Within the entries below, output exactly the lines between the line containing "young brunette business" and the line containing "Young man controling", inclusive, and omit any picture.

Records for this task:
#####

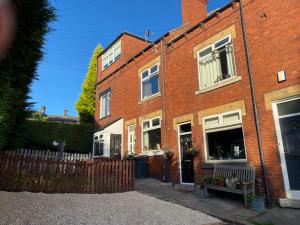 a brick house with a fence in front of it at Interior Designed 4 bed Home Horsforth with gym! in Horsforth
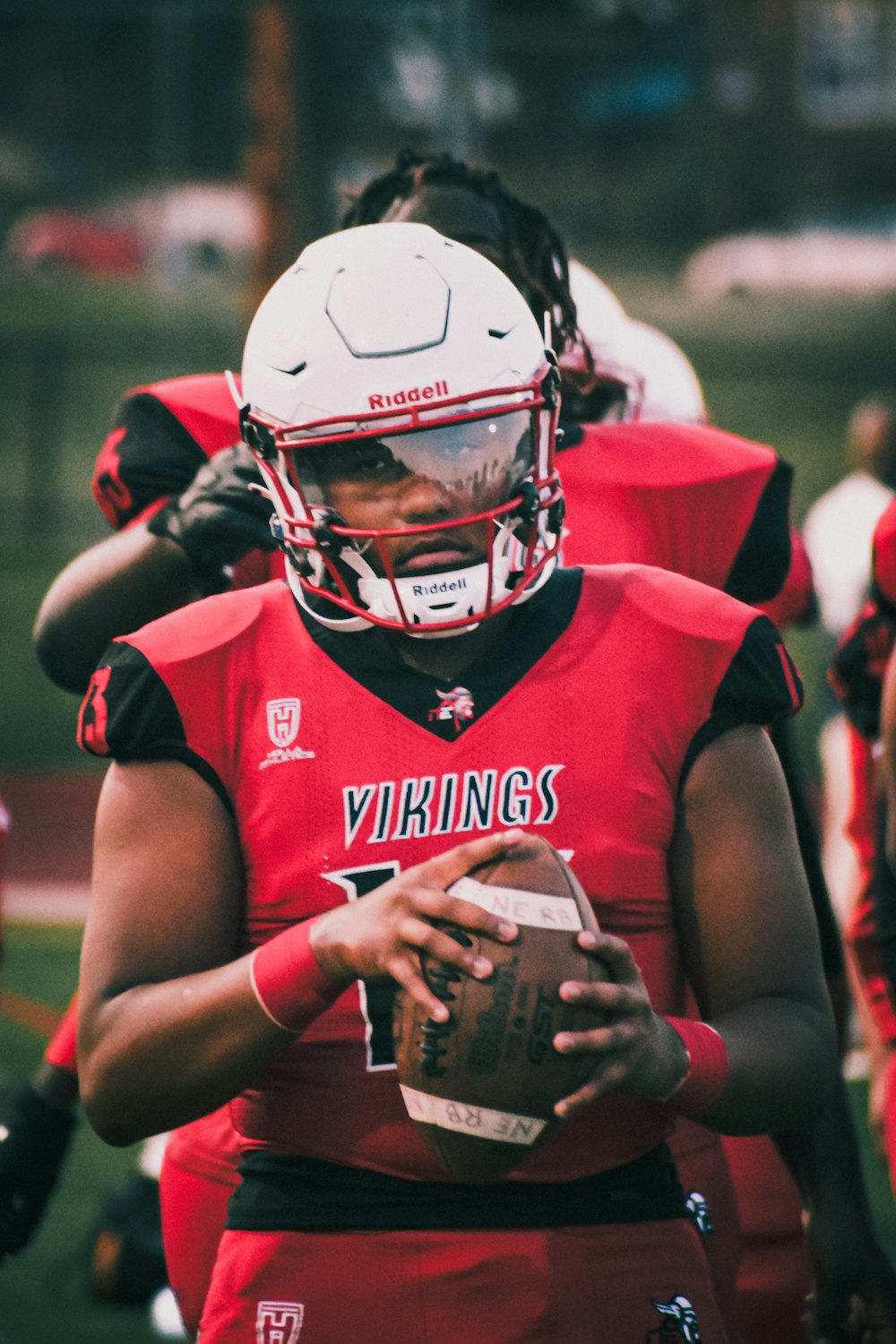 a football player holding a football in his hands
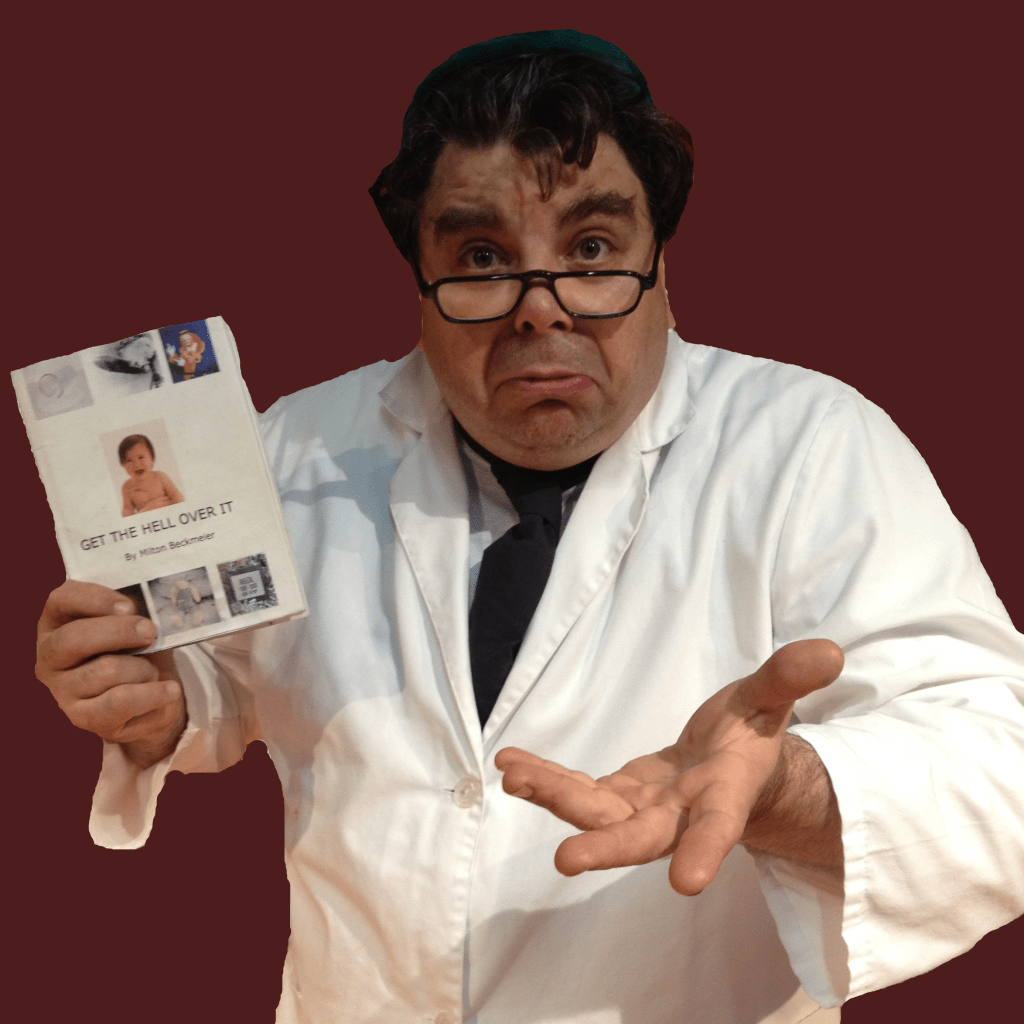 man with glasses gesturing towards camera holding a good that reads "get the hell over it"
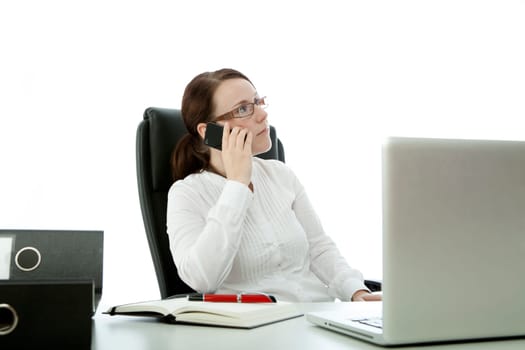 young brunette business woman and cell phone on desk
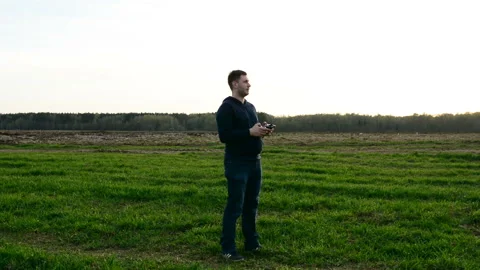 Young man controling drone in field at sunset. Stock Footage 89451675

#####

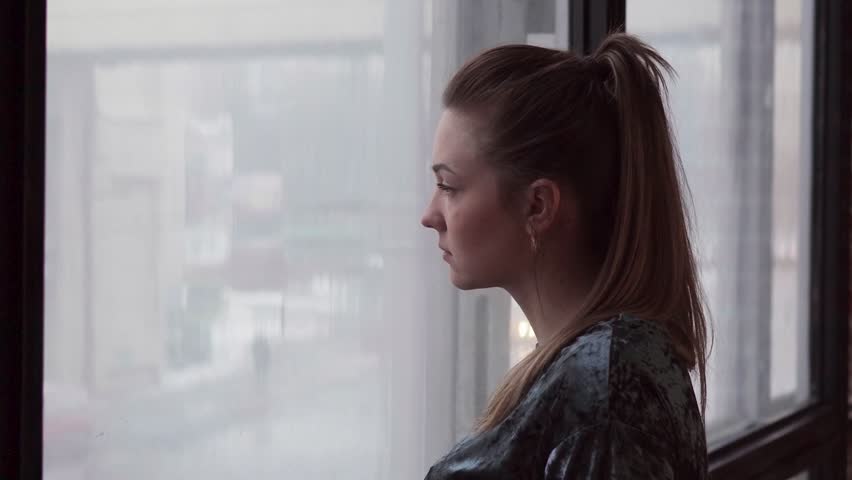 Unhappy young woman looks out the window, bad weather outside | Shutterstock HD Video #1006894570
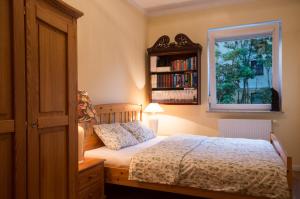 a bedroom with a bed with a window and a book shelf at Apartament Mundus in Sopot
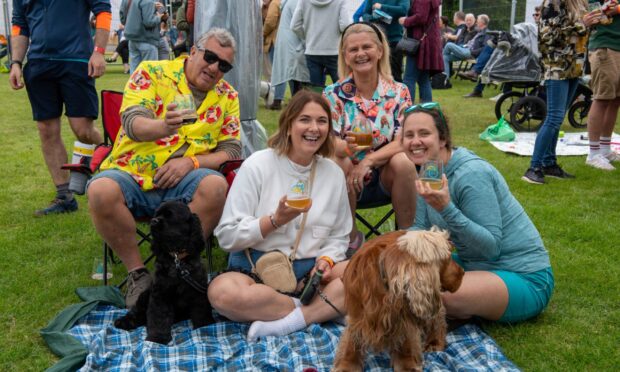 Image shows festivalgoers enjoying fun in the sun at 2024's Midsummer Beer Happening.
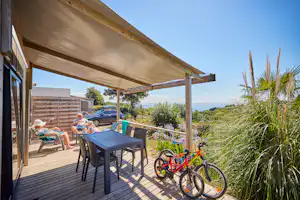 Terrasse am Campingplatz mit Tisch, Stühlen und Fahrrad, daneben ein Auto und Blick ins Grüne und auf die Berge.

#####

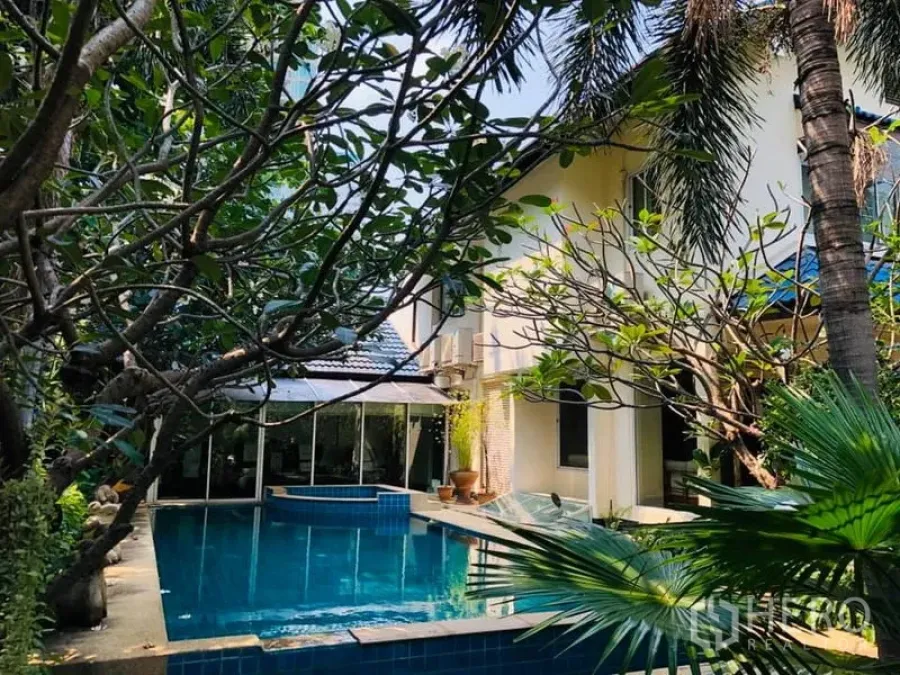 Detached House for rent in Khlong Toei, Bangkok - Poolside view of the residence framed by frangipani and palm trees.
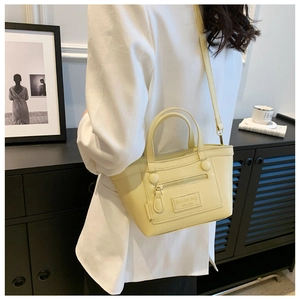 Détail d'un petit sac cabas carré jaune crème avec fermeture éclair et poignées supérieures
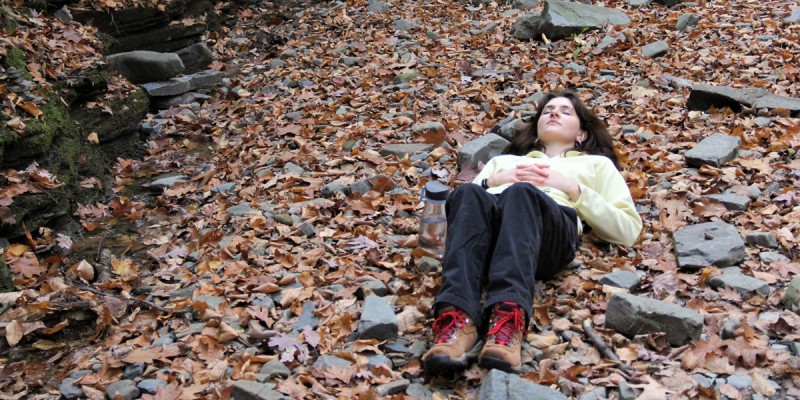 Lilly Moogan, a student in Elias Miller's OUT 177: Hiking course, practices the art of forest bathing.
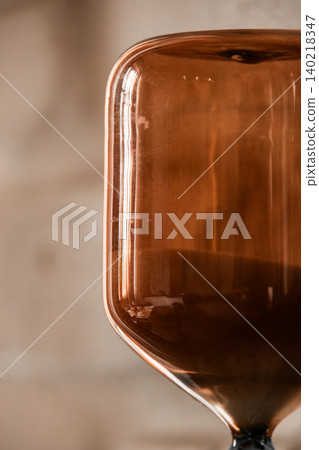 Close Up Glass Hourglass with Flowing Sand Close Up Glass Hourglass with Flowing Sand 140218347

#####

Completed exercise:
 young brunette business woman and cell phone on desk
 Young man controling drone in field at sunset. Stock Footage 89451675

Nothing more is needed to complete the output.